I nodded, then froze as an impossible scenario became suddenly less so.
Wyatt took a step closer. “Evy, what?”
“I just had the wildest idea to get the weapons cache in here with us. You can use the power of the storm, have me as a backup battery, and summon it right into the cabin.”
His eyes unfocused as he considered my suggestion. I could almost see the hamster wheel going. He smiled proudly. “I think that just might work. But it’s risky.”
“So’s sitting around all night hoping to be rescued.”
“I’ve noticed.” He spun around. Kismet and Milo were still sitting with Felix, giving us room. She looked up when Wyatt walked toward them. “Which window’s got the best view of your car?”
Kismet pointed at the refrigerator. “There. Why?”
“We’ve got an idea, so just bear with us a minute. And you might want to take Felix into the bedroom.”
She seemed poised to question him. Instead, she stood up, and she and Milo began dragging the bloody mattress and its burden into the other room.
Wyatt and I pushed the fridge a few inches to the right, just enough to give him a peek outside. Two of the panes were broken, the rest cracked, but the frame was intact. Rain blew inside, peppering his cheek. He peered out, then jumped when something roared. We shoved the fridge back into place.
“Okay, I can see where it is,” he said, wiping the water from his face. “Are you sure—”
“Yes, I want to do this.” I squeezed his arm. “Phin and Felix are counting on us.”

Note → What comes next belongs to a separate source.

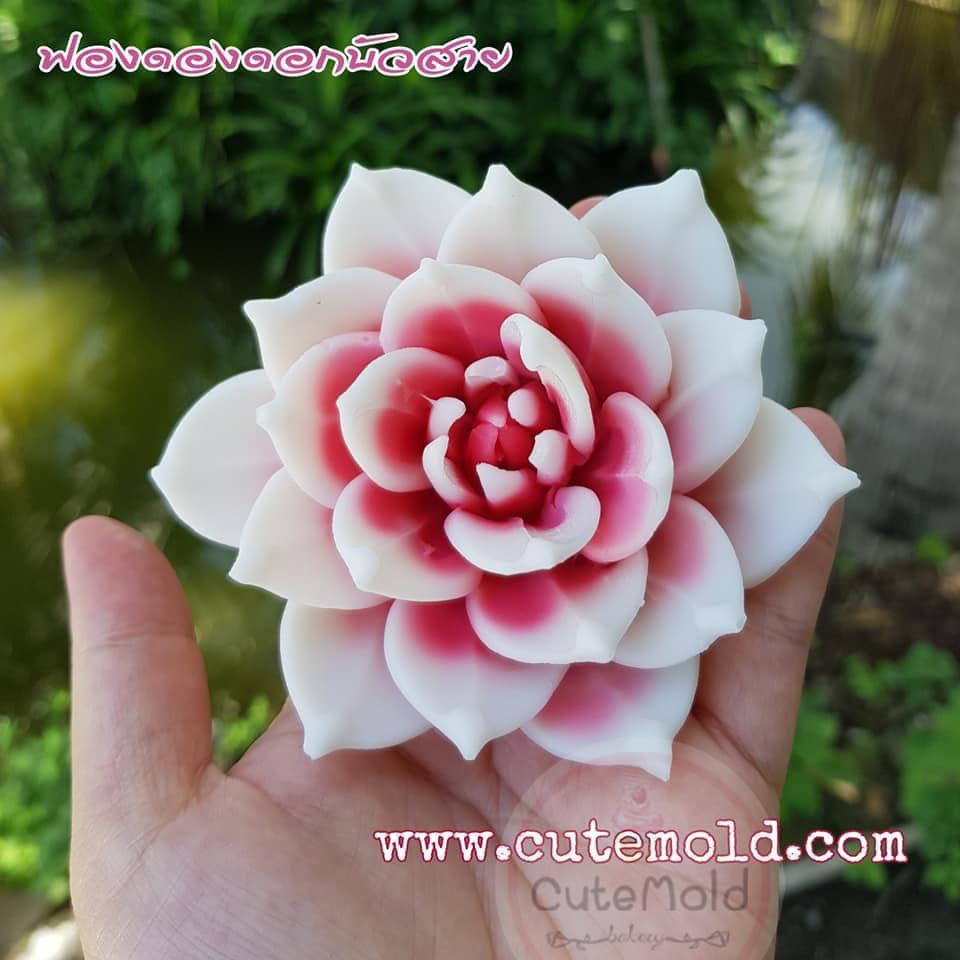Khuôn sen đá đại làm mâm cúng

“Guys?” Kismet asked from the bedroom doorway. “What exactly are you up to?”
“We’re getting those weapons,” Wyatt said. “Close the d
oor.”
She acquiesced without argument. I shoved the coffee table into the corner, giving us a completely open space. We went to stand by the cold fireplace.

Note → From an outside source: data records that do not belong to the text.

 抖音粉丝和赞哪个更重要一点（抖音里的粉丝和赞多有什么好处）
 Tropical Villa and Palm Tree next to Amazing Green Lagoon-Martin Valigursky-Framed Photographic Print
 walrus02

“I’ll need my hands free,” he said. “Maybe if you’re behind me?”
I circled to his back and looped my arms beneath his, up and around to clasp his shoulders. My breasts pressed hard into his back, and our heartbeats hammered together, speeding faster with the strength of the storm.
“Tell me when to tap in,” I said, resting my chin on his shoulder. Power crackled through him, and I felt his tap as keenly as I’d felt it before, energized by the electrical output of the thunderstorm. Wild and unpredictable and laced with the scent of ozone. My nose tingled.
“Now, Evy.”
My emotional trigger was easy to find, and the input from the Break surged through me like a lightning strike. The hairs on my arms and neck stood straight. Faint tremors traveled between our bodies, tiny sparks of power being shared through our connection. I pushed that power forward, feeding everything I could into Wyatt’s Gift.
He made a noise—not quite a groan, but nothing pleasant. I held on, fighting my own Gift’s attempts to break us apart and send us flying elsewhere. I concentrated on the wood floor beneath me, the walls around us, the exact spot on which we stood. We weren’t leaving; we were bringing something to us.
The air snap-crackled. Thunder broke overhead, and the rumble seemed to last forever. Over and over, growing louder, until it broke again in a deafening clap. I squeezed Wyatt tighter, pressing my face into his shoulder. Just held on as raw power coursed through me and into him. My throat hurt, and I realized too late that I was screaming.
So was he.
A sound like a cannon shot rattled the walls, and the pressure in the room changed as air displaced. Wyatt collapsed, and I fell with him, afraid to let go until I was certain it was finished. His tap was gone. I no longer felt power from him. I let my tap go, and the surge of storm energy ceased, leaving me shivering and cold. Drained like a wrung-out sponge.